## REQUIREMENT
The output must match the entries below exactly, with pictures removed.

TASK DATA Block Start

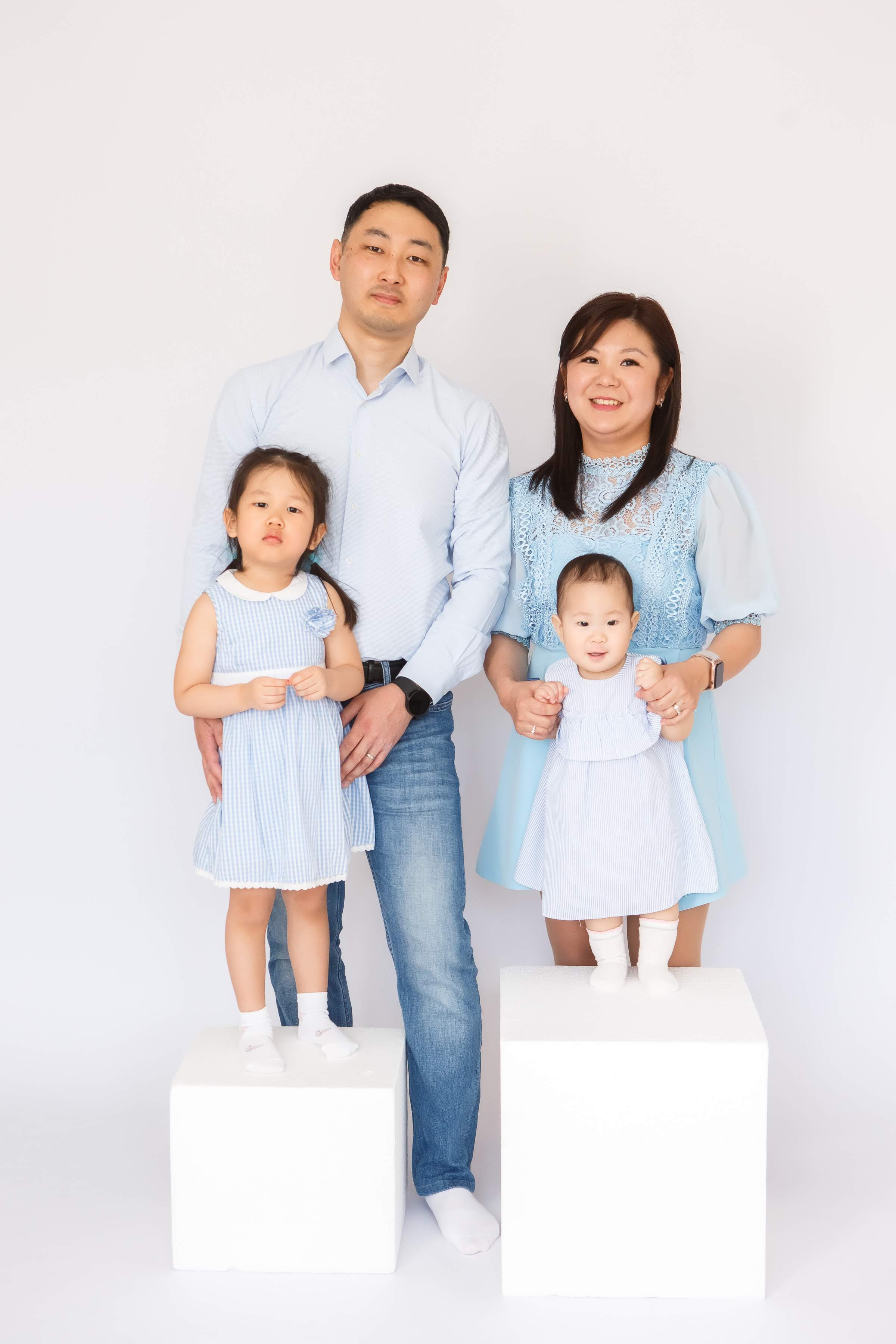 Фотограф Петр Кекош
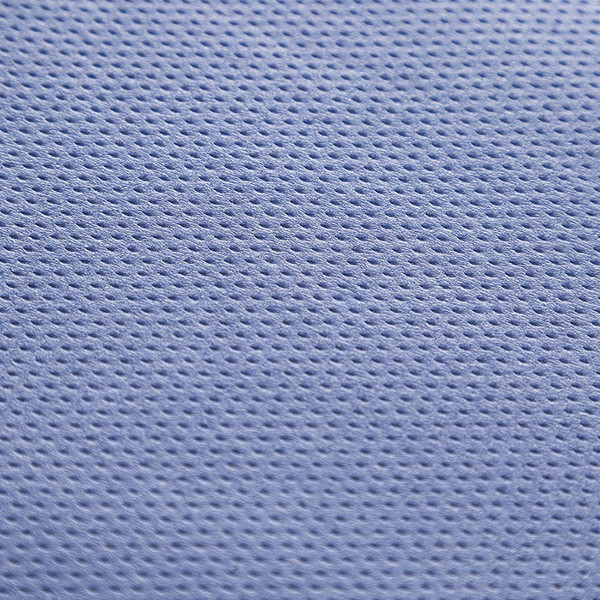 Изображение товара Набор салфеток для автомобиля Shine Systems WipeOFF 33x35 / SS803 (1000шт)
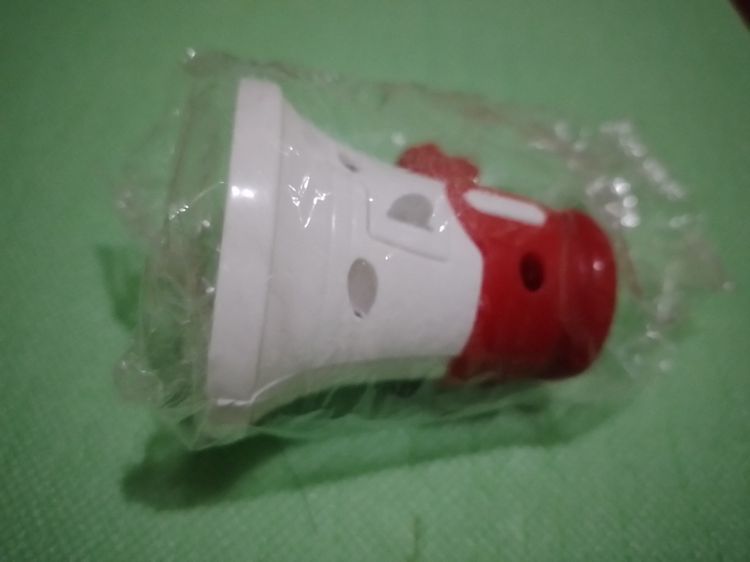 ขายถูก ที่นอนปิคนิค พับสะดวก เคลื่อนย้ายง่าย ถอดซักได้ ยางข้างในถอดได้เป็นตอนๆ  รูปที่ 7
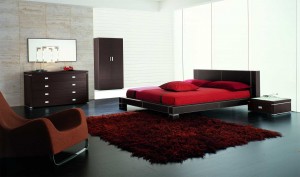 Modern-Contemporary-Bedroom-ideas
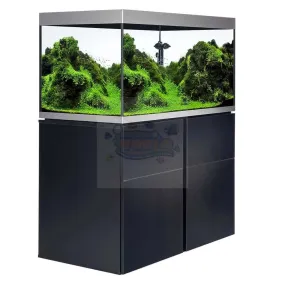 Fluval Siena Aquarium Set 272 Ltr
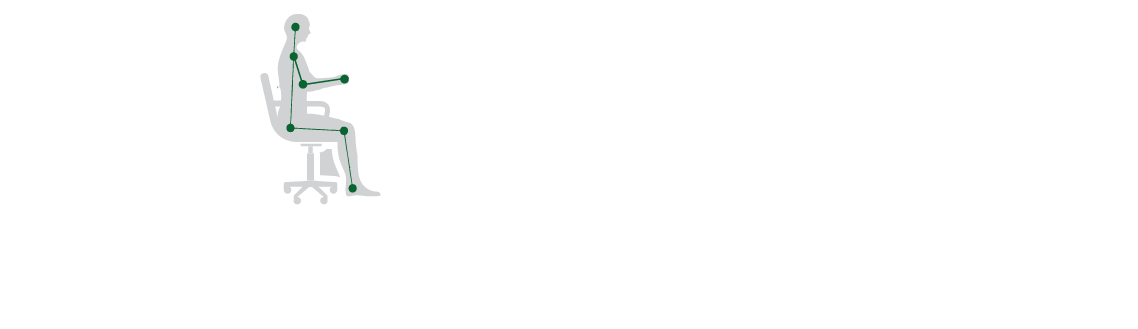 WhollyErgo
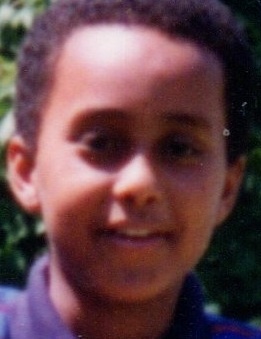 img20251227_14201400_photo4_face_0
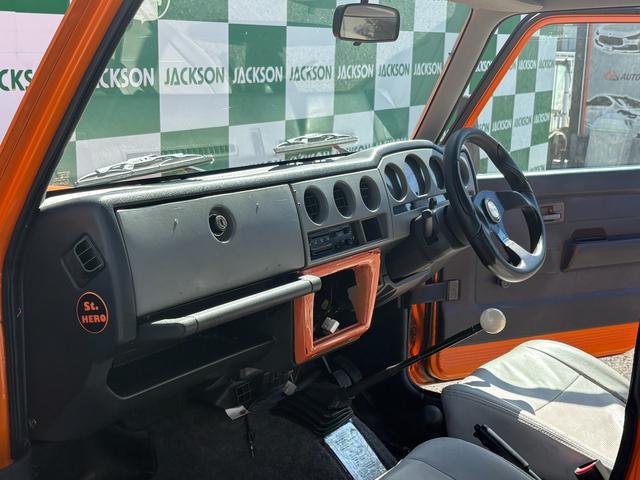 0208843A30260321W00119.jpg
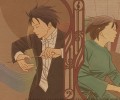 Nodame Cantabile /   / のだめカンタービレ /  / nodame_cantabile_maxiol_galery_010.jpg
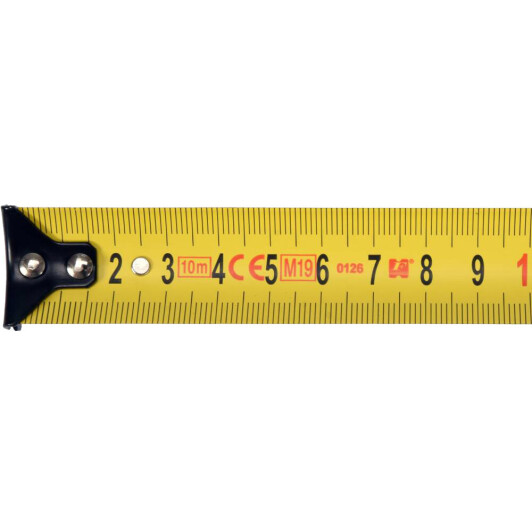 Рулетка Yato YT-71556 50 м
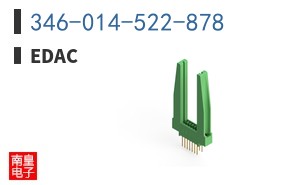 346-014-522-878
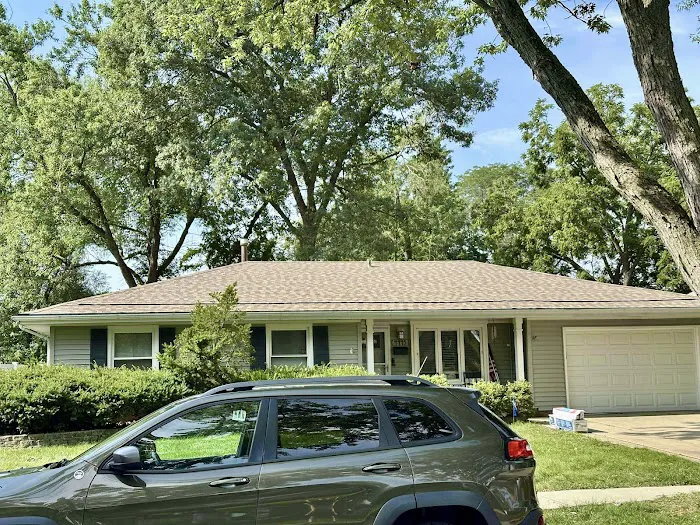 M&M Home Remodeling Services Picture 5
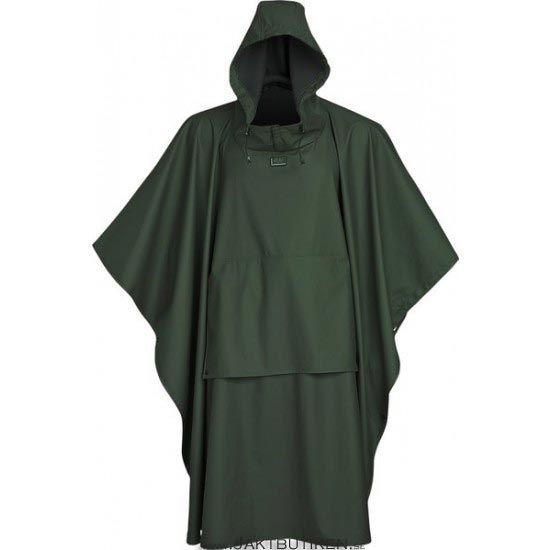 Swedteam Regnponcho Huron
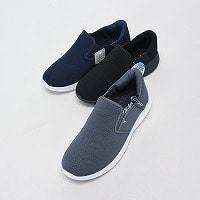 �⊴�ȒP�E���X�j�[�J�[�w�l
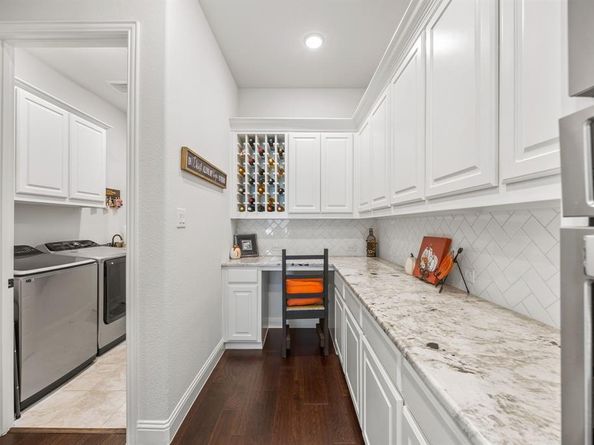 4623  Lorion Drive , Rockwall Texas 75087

TASK DATA Block End

## COMPLETED EXERCISE
 Фотограф Петр Кекош
 Изображение товара Набор салфеток для автомобиля Shine Systems WipeOFF 33x35 / SS803 (1000шт)
 ขายถูก ที่นอนปิคนิค พับสะดวก เคลื่อนย้ายง่าย ถอดซักได้ ยางข้างในถอดได้เป็นตอนๆ  รูปที่ 7
 Modern-Contemporary-Bedroom-ideas
 Fluval Siena Aquarium Set 272 Ltr
 WhollyErgo
 img20251227_14201400_photo4_face_0
 0208843A30260321W00119.jpg
 Nodame Cantabile /   / のだめカンタービレ /  / nodame_cantabile_maxiol_galery_010.jpg
 Рулетка Yato YT-71556 50 м
 346-014-522-878
 M&M Home Remodeling Services Picture 5
 Swedteam Regnponcho Huron
 �⊴�ȒP�E���X�j�[�J�[�w�l
 4623  Lorion Drive , Rockwall Texas 75087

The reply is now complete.